In Director's Cut, Madison Glenn, mayor of Santa Rita, again faces a dead body and a mysterious set of events that she helps to untangle. This is the 3rd of the Madison Glenn novels, and is an entertaining enough read. Glenn is a fairly likable character, though sometimes it is a little hard to believe that we've really gotten inside of a woman's head. I think the novel would be a whole lot better if it were written in third person rather than first, but that may just be my own personal pet peeve. (That said, I like first person books just fine most of the time. I wasn't crazy about it for this book/character.)

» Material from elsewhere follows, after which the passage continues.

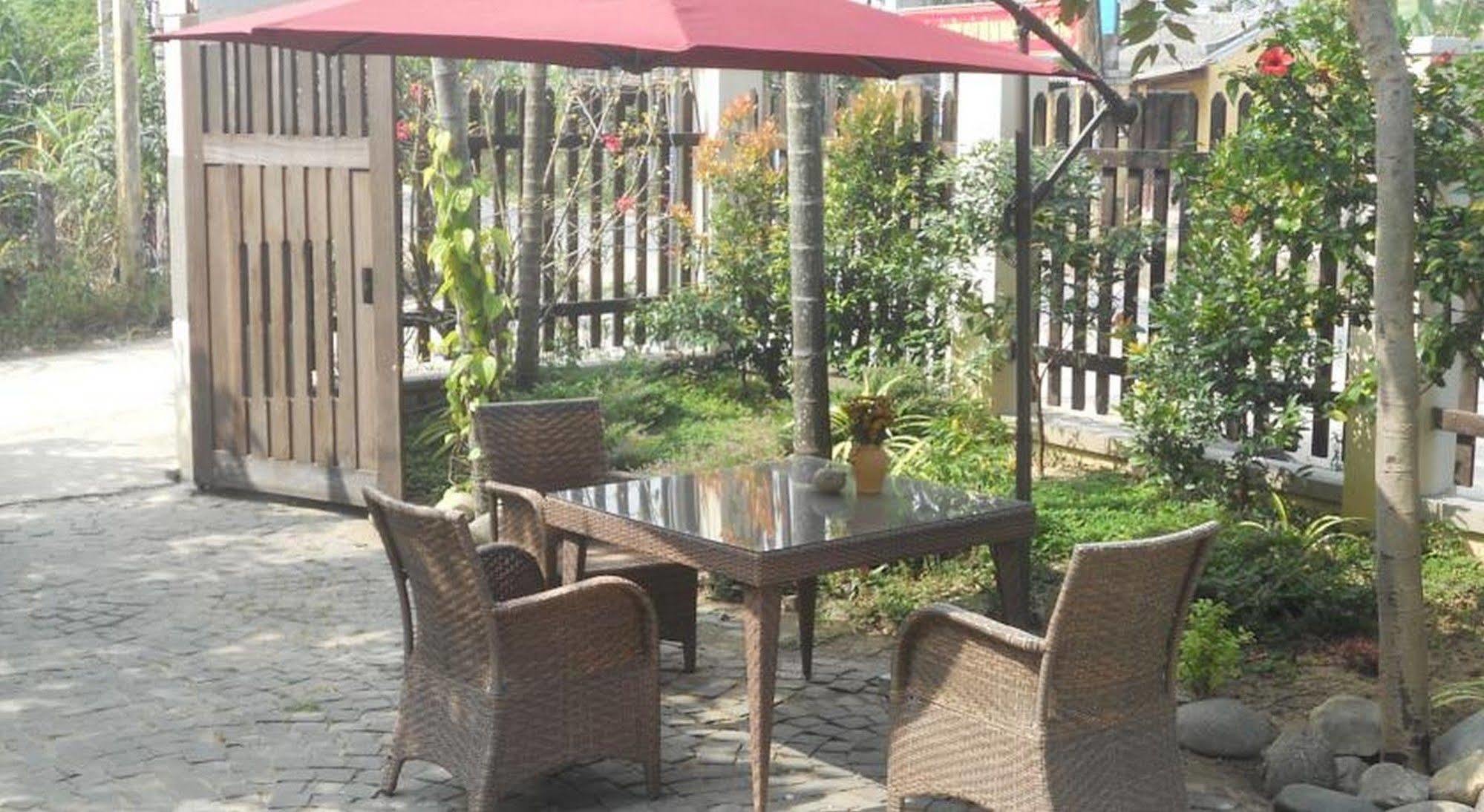 Lila Homestay Хойан Экстерьер фото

Maddy's cousin Catherine provides an interesting character to follow in the development of the book. She's enigmatic, in her way, and it's kind of fun to watch all of the star-struck characters as they interact with the young acting phenom. That is, to me, the aspect of the novel that made me smile from time to time.

I would not call Director's Cut great, by any standard. But I did enjoy it. It kept me interested enough that I finished it in a couple of sittings, enjoying the unfolding of the story. But it was a little sloppy at the end, I thought. It was fun to see Maddy get challenged a little in her personal relationships, and I think that is something most readers who have followed her story in earlier novels would enjoy reading. Sadly, I'm not one of those who has read the earlier books, so I wasn't particularly interested in how her love life played out, but I did like seeing her interact with the various friends she has in her small town Californian paradise. I thought that part of the book was pretty well handled.

All in all, I would say Director's Cut is a fun way to spend a lazy afternoon, and I'll be happy to pass it along to friends to read too.